■ Problem requirements
Everything from the line holding "Chomba color salmón" through the last line of the records should be repeated word for word, and pictures should be omitted.

■ Material supplied
####

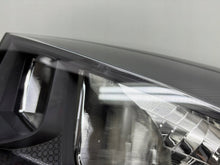 Laden Sie das Bild in den Galerie-Viewer, Frontscheinwerfer Toyota Aygo X 85122000 Rechts Scheinwerfer Headlight SCH9259712221cl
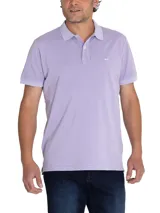Chomba color salmón de piqué de algodón orgánico, con cuello clásico y tapeta de dos botones.
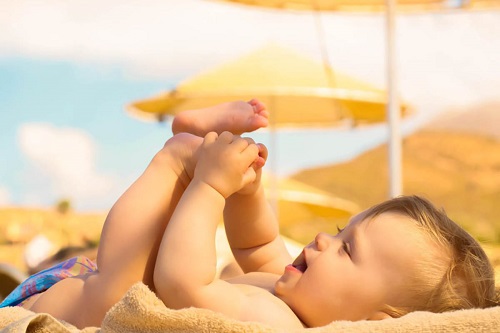 tắm nắng cho trẻ sơ sinh đúng cách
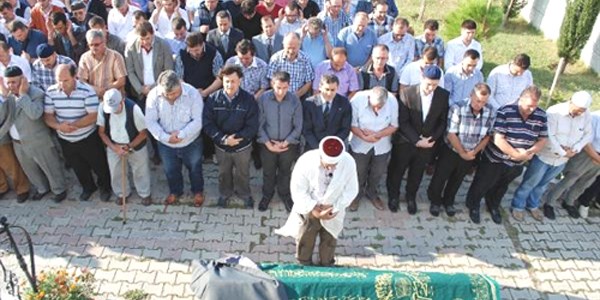 Düştüğü çukurdan 5 gün sonra çıkarılan adam tedavi gördüğü hastanede öldü
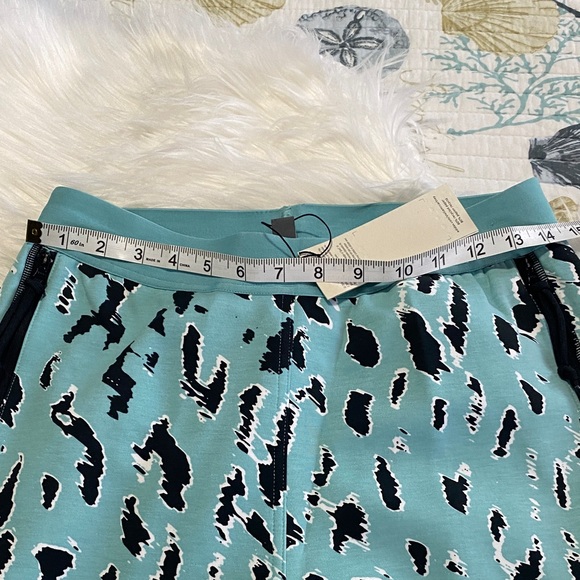 Stella McCartney mint green and black Cropped Pants - Picture 10 of 16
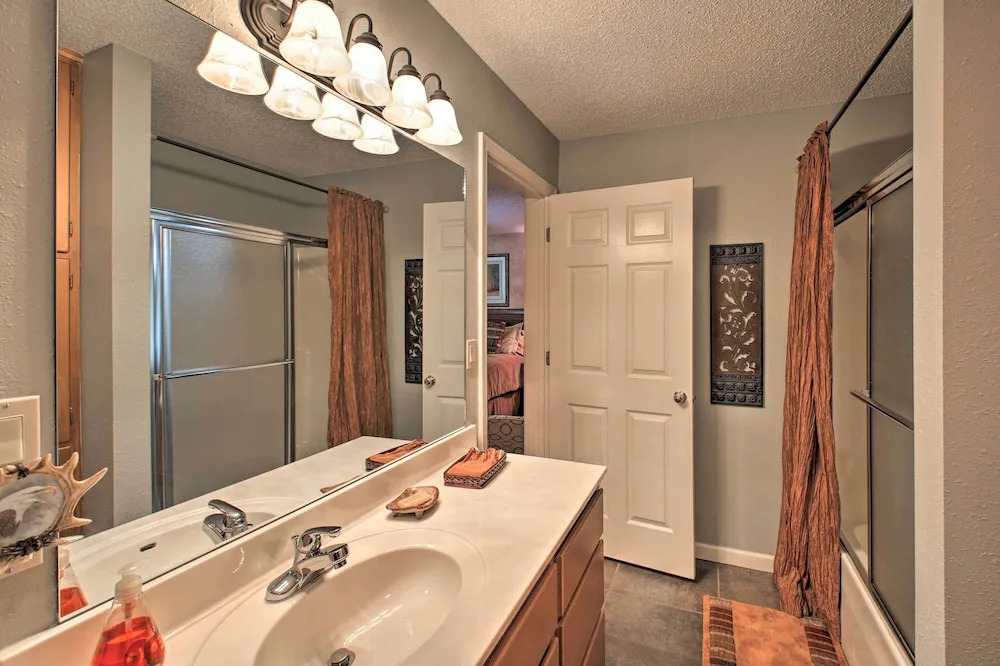 3 Mi to Lake Desoto: Home w/ Furnished Deck!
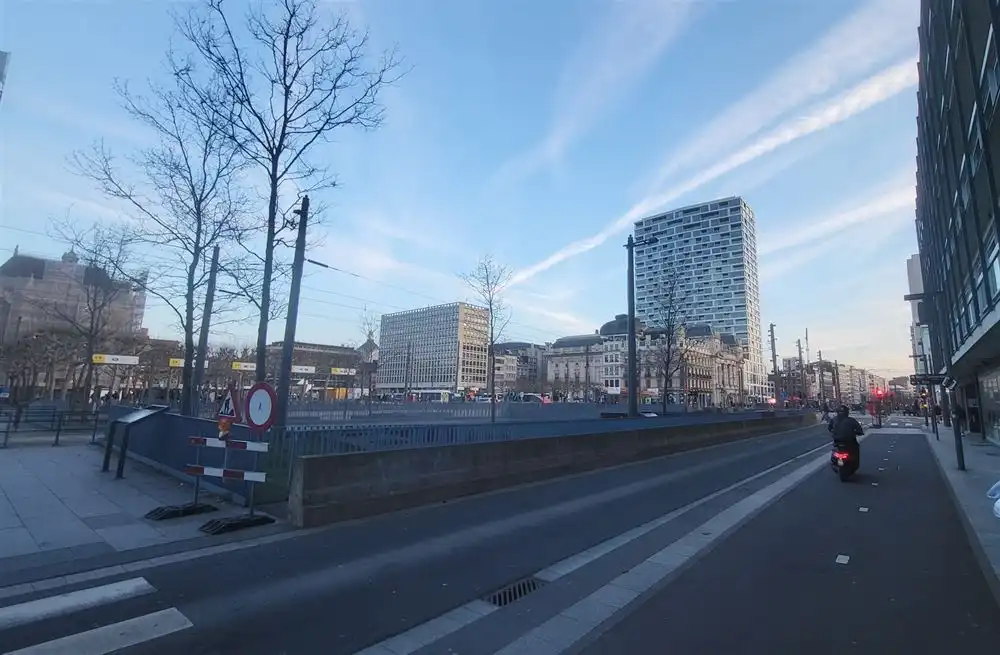 Binnen autostaanplaats te Antwerpen-centrum  foto 7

####

■ Worked solution
Chomba color salmón de piqué de algodón orgánico, con cuello clásico y tapeta de dos botones.
 tắm nắng cho trẻ sơ sinh đúng cách
 Düştüğü çukurdan 5 gün sonra çıkarılan adam tedavi gördüğü hastanede öldü
 Stella McCartney mint green and black Cropped Pants - Picture 10 of 16
 3 Mi to Lake Desoto: Home w/ Furnished Deck!
 Binnen autostaanplaats te Antwerpen-centrum  foto 7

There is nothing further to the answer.